Enabling Authentication

Most MongoDB providers provide MongoDB authentication by default and there is no way to disable it. Unfortunately, YCSB currently doesn’t support MongoDB authentication. The client implementation itself uses mostly, now, deprecated API calls. To meet our needs, we added a new MongoDB specific YCSB property, 'mongodb.auth' along with a few lines of code to support it. The changes are very simple and a diff can be found here. Default MongoDB specific YCSB properties are listed here.

Build the package again using mvn again once the changes are complete. Refer to the section above on how to build YCSB using Maven.

Running the Tests

This section of the YCSB wiki lists next and subsequent activities in details. We will describe them here briefly along with other pointers.

• The next step is to choose the kind of workload you want to run. Take time to read and understand the Core Workloads section of the YCSB wiki. They are summarized here:
  • Workload A: Update heavy workload: 50/50% Mix of Reads/Writes
  • Workload B: Read mostly workload: 95/5% Mix of Reads/Writes
  • Workload C: Read-only: 100% reads
  • Workload D: Read the latest workload: More traffic on recent inserts
  • Workload E: Short ranges: Short range based queries
  • Workload F: Read-modify-write: Read, modify and update existing records

• Obviously, the individual workloads can be tweaked using Core Properties. You may want to choose a workload and tweak the properties to match something that matches the characteristics of your application.  (This comparative study chose a bunch of interesting “tweaked” workloads). Also, refer to the MongoDB blog we mentioned in the first section. (Our test will pick up Workload A with default read/update ratios).
• Choose the number of operation (Property ‘operationcount’) so that the test itself will run for an appropriate amount of time. Tests that finish inside 30 minutes cannot be good indicators of general performance of the system.
• Choose the appropriate number of threads that YCSB should run. This really depends on how good your client machines is, how much load can your MongoDB cluster take and how representative it is of your actual application. We will run our benchmark tests against a range of threads.
• Run the load phase. Choose a record count (Property ‘recordcount’) to insert into the database that is close to the number of operations you intend to run on it. Choose an appropriate number of threads so that the insertion doesn’t take too long. For e.g.

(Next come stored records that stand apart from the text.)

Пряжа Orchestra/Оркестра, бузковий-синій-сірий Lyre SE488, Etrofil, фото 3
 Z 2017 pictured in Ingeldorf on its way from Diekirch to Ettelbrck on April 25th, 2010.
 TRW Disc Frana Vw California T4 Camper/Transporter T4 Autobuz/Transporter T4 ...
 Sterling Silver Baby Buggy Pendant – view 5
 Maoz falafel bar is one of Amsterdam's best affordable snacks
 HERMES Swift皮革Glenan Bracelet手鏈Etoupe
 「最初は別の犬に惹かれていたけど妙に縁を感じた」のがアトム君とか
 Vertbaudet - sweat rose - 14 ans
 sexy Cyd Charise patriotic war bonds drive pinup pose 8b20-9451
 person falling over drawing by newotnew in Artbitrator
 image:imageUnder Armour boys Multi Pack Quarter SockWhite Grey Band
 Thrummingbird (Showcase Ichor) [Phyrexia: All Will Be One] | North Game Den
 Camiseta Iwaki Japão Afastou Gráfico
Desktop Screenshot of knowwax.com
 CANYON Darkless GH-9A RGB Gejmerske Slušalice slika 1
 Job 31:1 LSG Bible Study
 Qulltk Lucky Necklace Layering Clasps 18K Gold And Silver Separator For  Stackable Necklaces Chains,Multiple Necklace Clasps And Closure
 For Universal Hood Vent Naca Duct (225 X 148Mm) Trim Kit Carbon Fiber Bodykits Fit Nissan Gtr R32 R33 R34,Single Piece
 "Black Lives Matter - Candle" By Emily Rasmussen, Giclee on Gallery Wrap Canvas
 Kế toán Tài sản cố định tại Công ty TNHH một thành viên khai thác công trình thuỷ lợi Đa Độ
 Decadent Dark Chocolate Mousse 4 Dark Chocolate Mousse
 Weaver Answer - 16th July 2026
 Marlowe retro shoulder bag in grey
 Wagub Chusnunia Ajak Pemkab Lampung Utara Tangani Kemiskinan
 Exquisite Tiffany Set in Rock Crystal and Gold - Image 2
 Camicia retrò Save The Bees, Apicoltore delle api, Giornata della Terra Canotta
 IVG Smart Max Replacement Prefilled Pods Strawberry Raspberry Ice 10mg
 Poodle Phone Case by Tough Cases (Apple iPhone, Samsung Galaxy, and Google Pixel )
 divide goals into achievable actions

  ./bin/ycsb load mongodb -s -P workloads/workloada -p recordcount=10000000 -threads 16 -p
   mongodb.url="mongodb://user:[email protected]:9999,server2.example.com:9999/dbname" -p 
  mongodb.auth="true"
  

  • ‘load‘ flag indicates that this is a load run.
  • ‘s‘ flag prints status at 10 sec intervals
  • ‘recordcount‘ is set to 10 million.
  • ‘threads‘ sets the number of client threads to 16.
  • ‘mongodb.auth‘ is the property that we wrote to enable MongoDB authentication.
• Remember to
  • Redirect the stdout to a file.
  • Use ‘screen‘ or an equivalent method so that your session is not lost while running these operations
• Once the data load phase is complete, you are ready to run your workloads. For e.g.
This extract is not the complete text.